In the long run, I’d love to see something a little more like TLSA so that browsers can at least reject certificates from the wrong CA.
This is the problem: DNSSEC purports to make a difficult attack somewhat more difficult (you say a lot more difficult, I say marginally more difficult) at absolutely staggering enormous global expense.
We can solve the DV misissuance problem directly without forklifting in a new DNS, and the forklift upgrade doesn't even decisively solve the primary problem it's meant to solve.
Do you have a concrete proposal that is both credibly deployable and better than DNSSEC?
DNSSEC is awful in many ways, but it can be deployed incrementally, it's already standardized, and a good chunk of the benefit can be had without changing normal clients at all. I think that "absolutely staggering enormous global expense" is an overstatement.
edit: A major benefit of DNSSEC is that the CA/B forum already requires that CAs use it to check CAA records.
I do have a concrete, credible, deployable proposal: do nothing. DNSSEC is a net negative.
I don't care that it's "standardized". The IETF has standardized a lot of bad stuff. I care that the benefits, such as they are, don't outweigh the costs --- those of a global key escrow system embedded in the DNS, those of the mass deployment of 1990s cryptography, and those of an enormous and expensive disruption to both our networks and, ultimately, our software, much of which will need to be updated to account for the untenable failure mode DNSSEC exhibits today.
Why do I care that CA/B forum requires DNSSEC (when it's enabled) for CAA records? Nobody uses DNSSEC.
Is it your opinion that none of the largest tech companies or financial institutions in the US have good security teams? Or, if, like me, you generally think money buys talent and companies like Google and Facebook and Apple (and, for that matter, Bank of America and Citigroup) have pretty amazing security teams, riddle me this: why have none of them enabled DNSSEC? Are they just too stupid?

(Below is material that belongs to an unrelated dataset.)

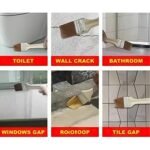 WhatsAppImage2025 07 10at4.49.18PM 1.jpg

Google, Facebook, etc presumably have rather large and competent security teams, and they presumably do things like extensively monitoring CT logs and BGP. And Google's properties nonetheless get hijacked on a semi-regular basis by BGP attacks. (A very small amount of looking suggests that this happened last November.) I'm not aware of anyone using such a BGP attack to get a certificate for a site like YouTube, but I see nothing that prevents it.
I don't actually know why Google doesn't enable DNSSEC on its own properties for this exact reason. They may be relying on the fact that any serious CA will have "google.com" and similar domains in a list of high-risk domains.
(Heck, I can't easily personally monitor BGP for a website even if I wanted to.)
Virtually no company with a reputable security team uses DNSSEC. Not Google. Not Facebook. Not Stripe. Not Braintree. Not Salesforce.com. Not Microsoft. Not Cisco.com. Not IBM. Not Oracle. Not Amazon. Not Github. Not NASDAQ. Not Citigroup. Not Bank of America. Not Schwab. Not Goldman. Not JPMC. Not Boeing. Not Lockheed Martin.
Each of these companies has a huge security team. Not one of them thinks DNSSEC is worth deploying. How do you explain that? Is virtually every infosec team in North America just wrong?
> However, since no off-the-shelf resolver provides an API to check if a domain is DNSSEC-signed, CAs had to roll their own solutions, most of which were wrong and insecure
So fix that problem then. If CAs are not properly checking DNSSEC in violation of the BRs, that's the real problem here. It's not a reason to avoid DNSSEC.
I would go so far as to say that not doing this for a high value site will be irresponsible once this CAA feature becomes stable.